Saturday, December 31, 2016

Brotherhood and Pain - A Call for Fellowship

I learned a lot through pain as a high school wrestler. That first week of practice each year was a revelation. We would start with warmups that were more intense than an entire soccer practice, drill basic techniques and more advanced counters for 45 minutes or so (never letting the heart rate fall), and then wrestle live until it was time for conditioning. That first week, it would be somewhere during the drilling that I would hit "The Wall" - my physical limit where my body said "I can't do this anymore!" and I would have to push through with mental toughness, visualization of success, and camaraderie from my mat brothers.

Each year I would turn in homework that week with a different handwriting than the rest of the year. My entire body would be so spent from exertion and musce fatigue that no matter how I sat, some portion would be holding me up and twitching from the effort.

Gradually my wall would get pushed farther and farther back. We would do less and less of the drilling and technique and more of the live wrestling. By a month into the season, we would be managing to wrestle live for more than an hour a practice. Together we would push our walls back and fight through sore muscles, head colds, parents who wanted to overfeed us, and all the other problems life can throw at you.

Each time you got your hand raised in wrestling, it brought a compelling feeling of success. Wrestling is a mano-a-mano sport where you are each the same size. Winning means you stand victorious when all you had to rely on was yourself. It is also a team sport.

People not on the team often made fun of us for wrestling. For being homos, for wearing spandex costumes, for caring so much, and for not eating whatever we wanted like the rest of the boys in high school. I had it easy (our team was state champs all four years I was in HS, so critics were kept mostly to snide whispered comments), but I can imagine how it must have felt to have those jokes amplified.

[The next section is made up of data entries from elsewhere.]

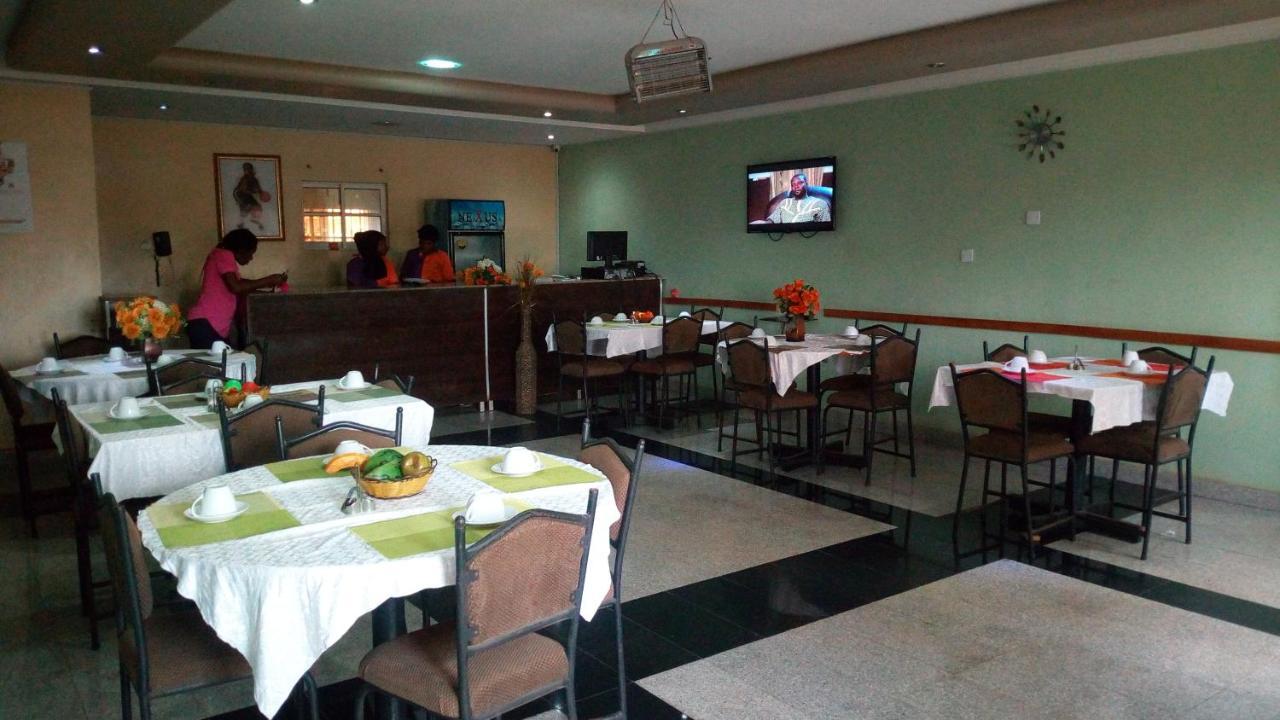 Mataan Hotel And Suites Ibadan Bagian luar foto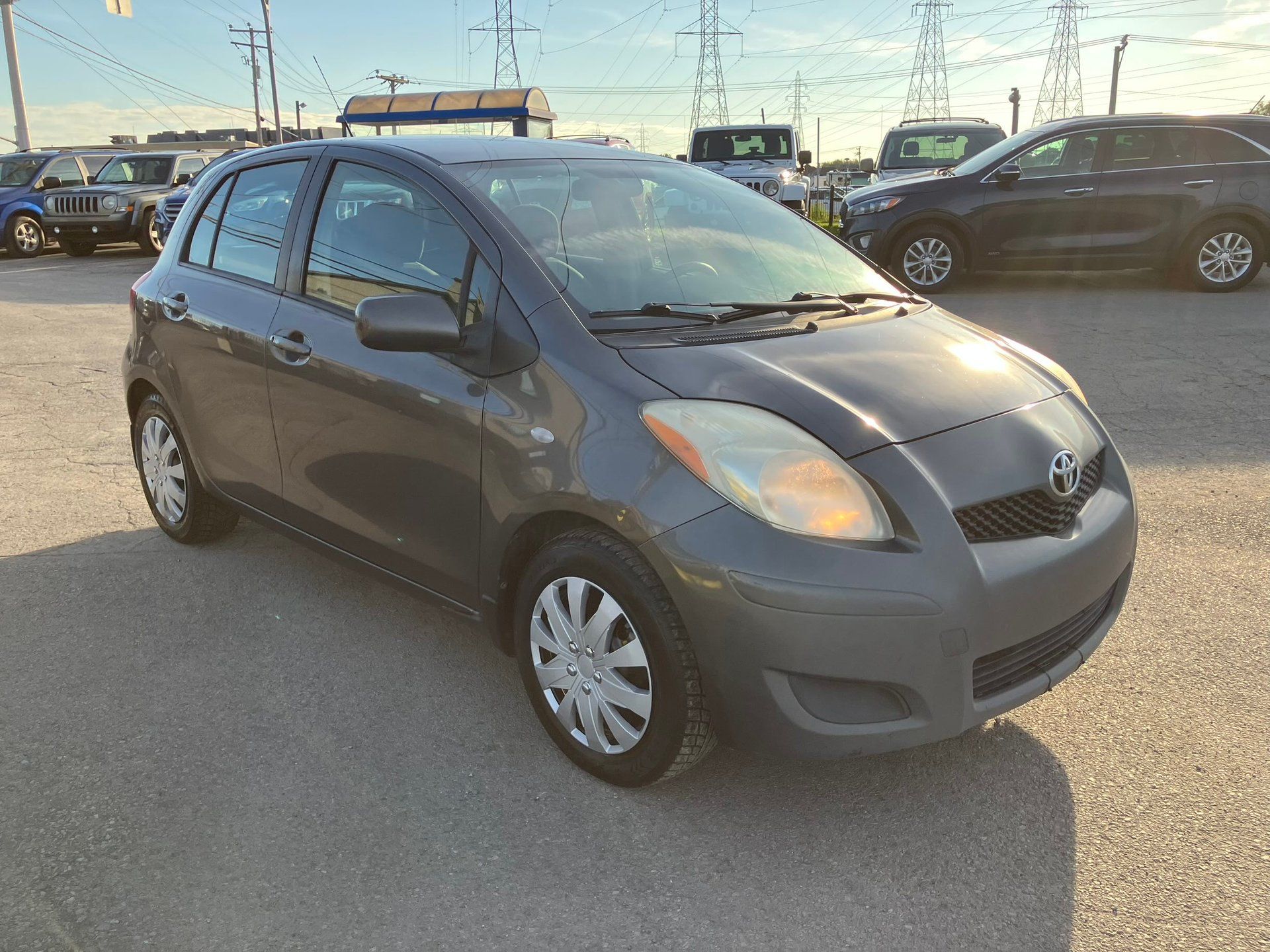 Toyota Yaris 2010 - Thumbnail 3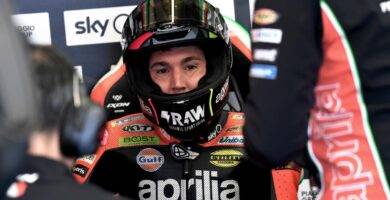 Aleix Espargaró en su box durante los últimos entrenamientos de MotoGP en Qatar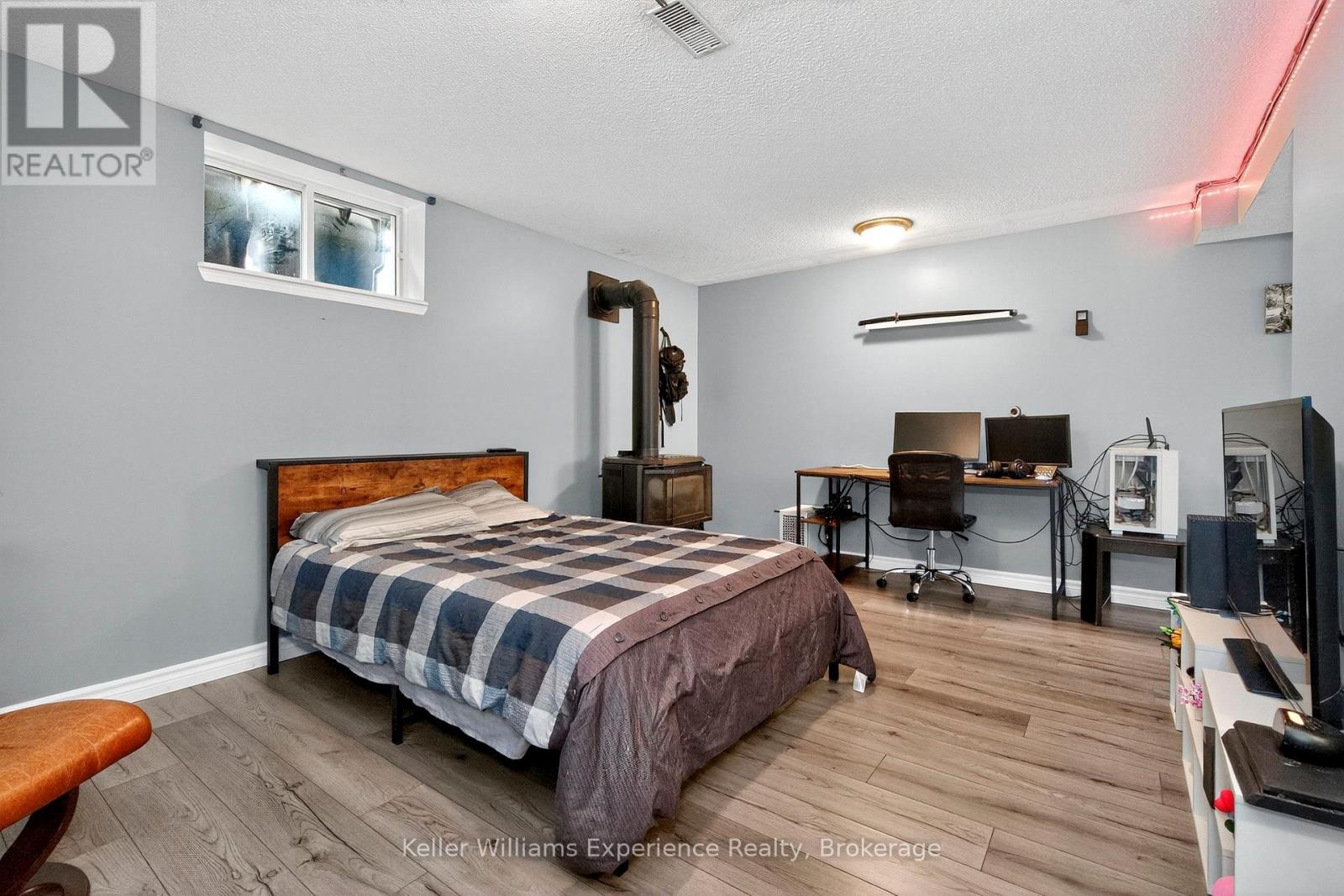 308 Assiniboia Street, Tay, Ontario  L0K 1R0 - Photo 27 - S12423149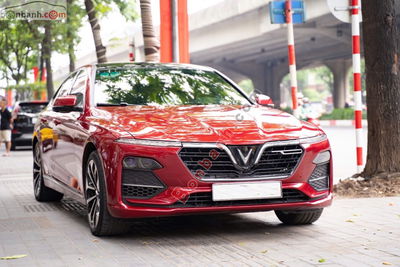 Xe VinFast Lux A 2.0 Premium 2.0 AT 2021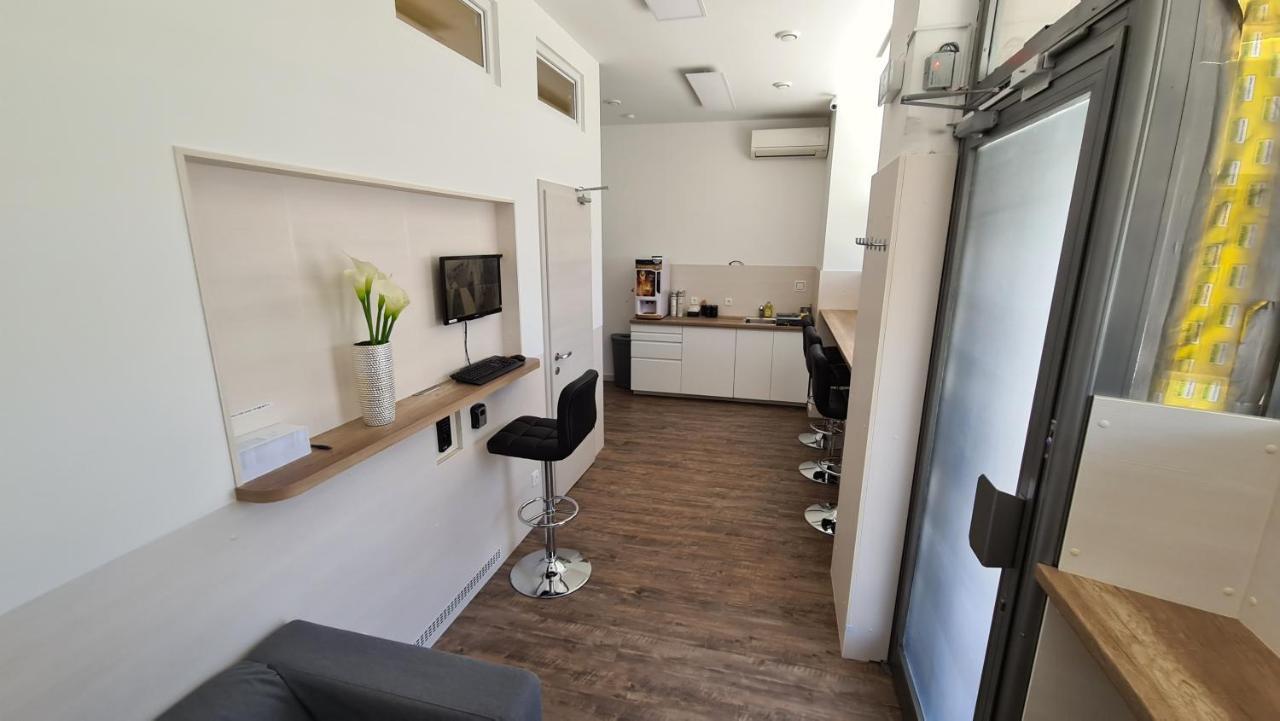 Cabin Hostel Любляна Экстерьер фото
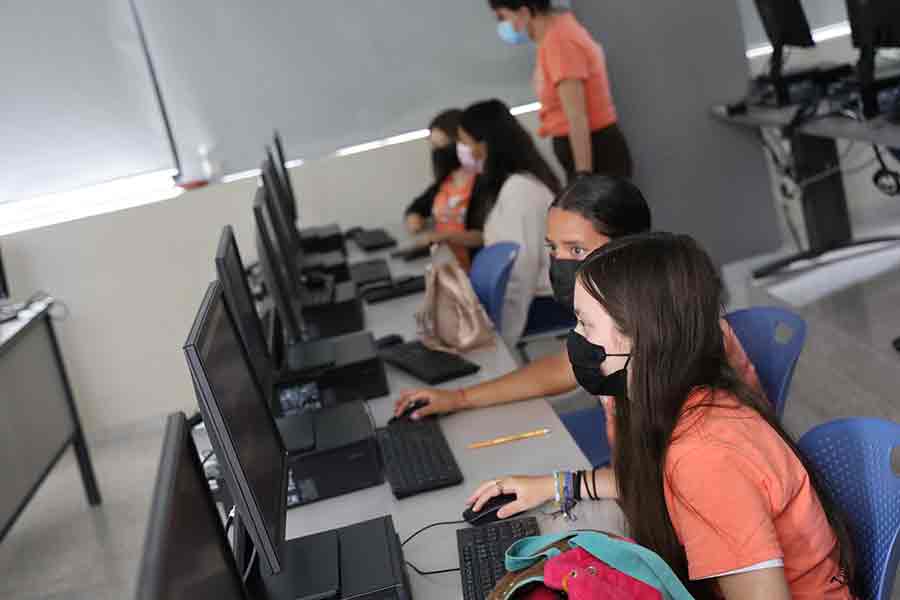 Campamento Patrones Hermosos impulsa la participación de mujeres en ingeniería.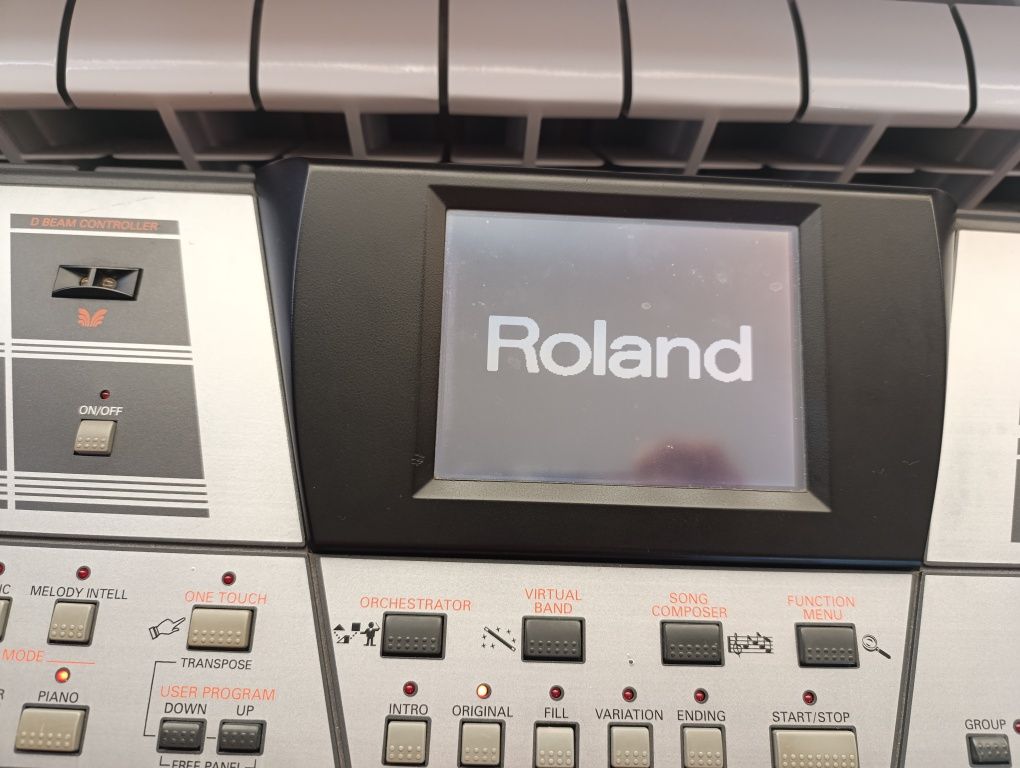 Синтезатор Roland VA3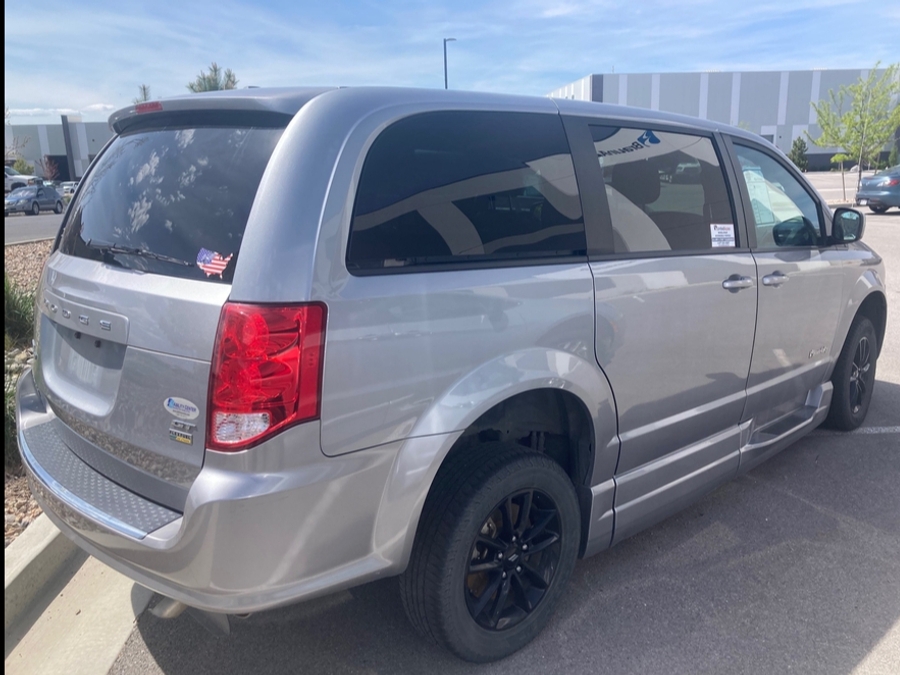 Used 2019 Dodge Grand Caravan GT - BraunAbility Side Entry Entry Fold Out Automatic Ramp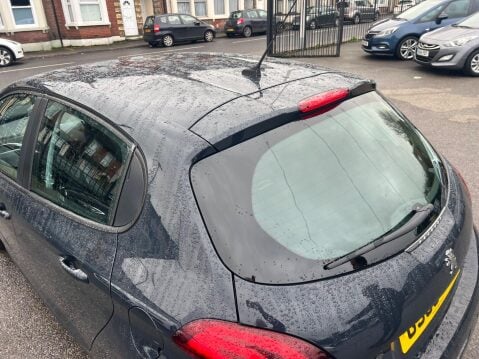Peugeot 208 1.2 PureTech Active Design Menthol Euro 6 5dr 17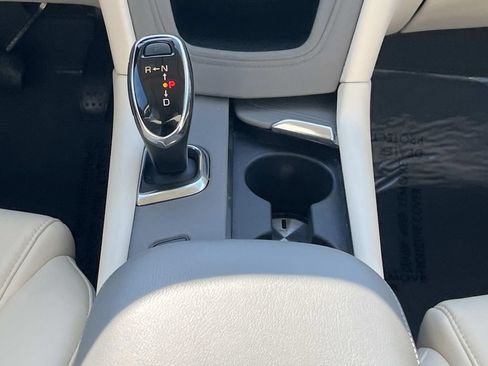 Used 2018 Cadillac XT5 Luxury w/ Driver Awareness Package FWD image 17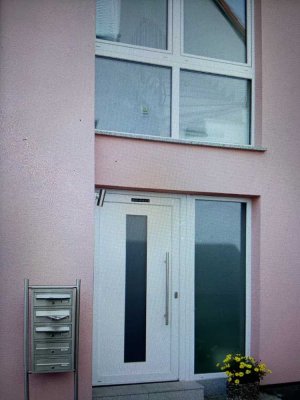 Ansprechende und vollständig renovierte 2-Raum-Maisonette-Wohnung mit EBK in Bad Bocklet
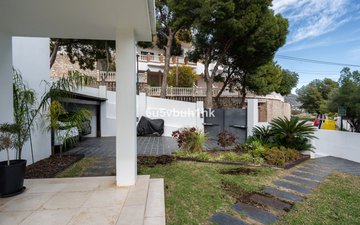 Property slide 49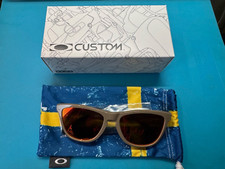 BNIB OAKLEY FROGSKINS CUSTOM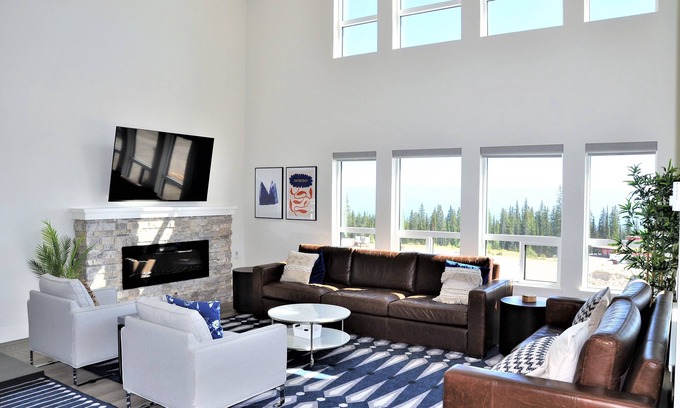 Big White Ski Resort Condo | Brand new Executive, Top Floor Townhome with Private Hot Tub in Happy Valley!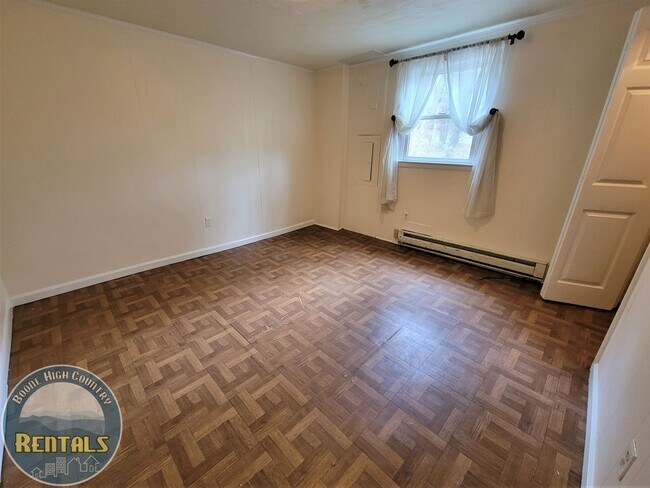 Building Photo - 316 Carl Giles Rd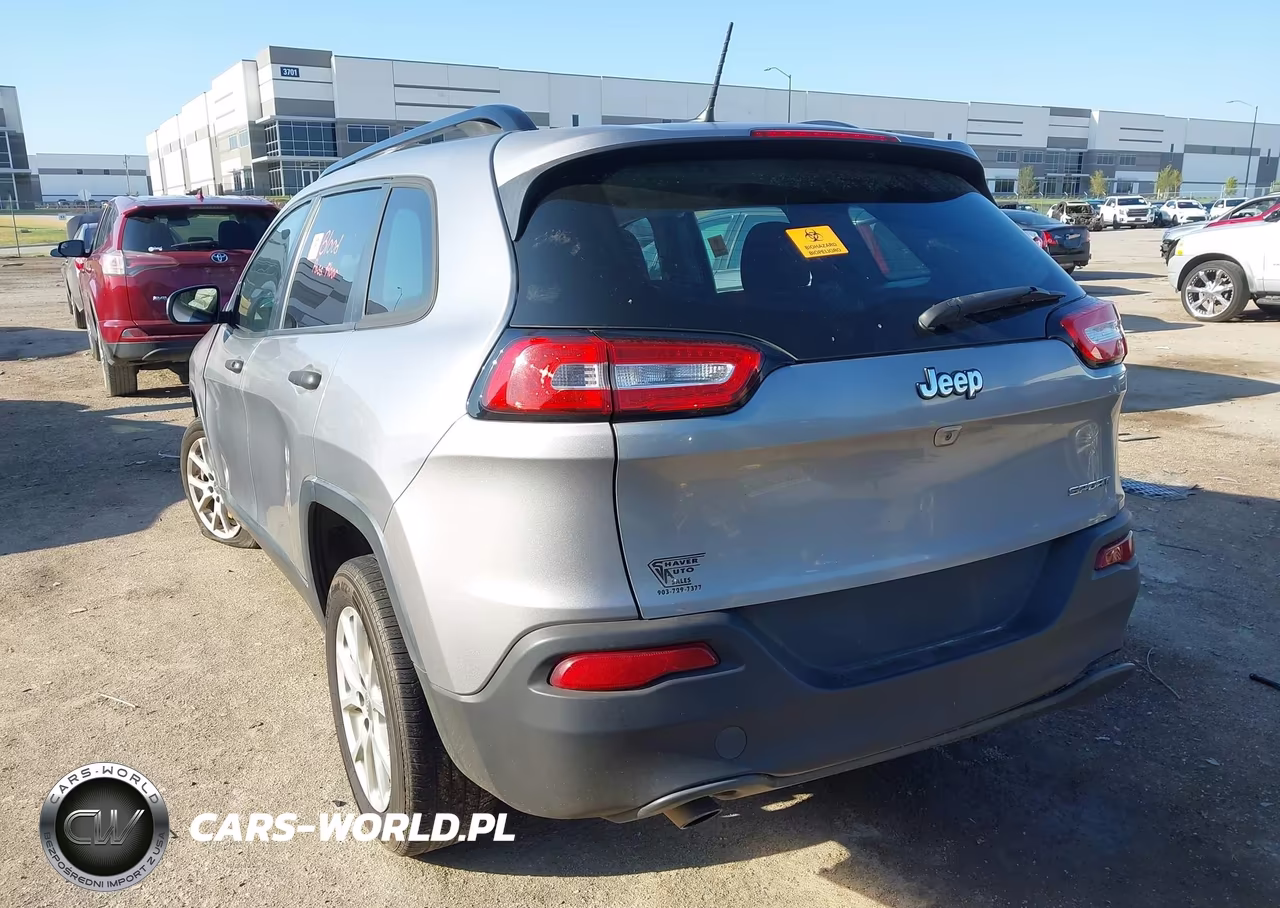2015 Jeep Cherokee Sport VIN:1C4PJLAB7FW760560 - 3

The only other team I have heard described the way I think of my wrestling team is football. With 90 players on the roster and 11 on the field engaging in carefully choreographed plays, you must place your well-being in the hands of your brothers every time the ball is snapped.

We build bonds as men together when we sacrifice, overcome hardship, and ultimately learn that we are stronger through fellowship and mutual reliance than we ever would be alone. We need more wrestling, more football, more fellowship, and more initiations into a common brotherhood.

I do not know what form this future fellowship should take for me, I only know that I am open to it.  I will readily embrace the chance to build strong bonds with men in my life and to mentor those younger than I in their journey towards manhood. I am reminded here of two interpretations of manhood that I have considered seminal that lack this sense of mutuality - and hope to find one that does: If by Rudyard Kipling, and It Takes a Man by Chris Young.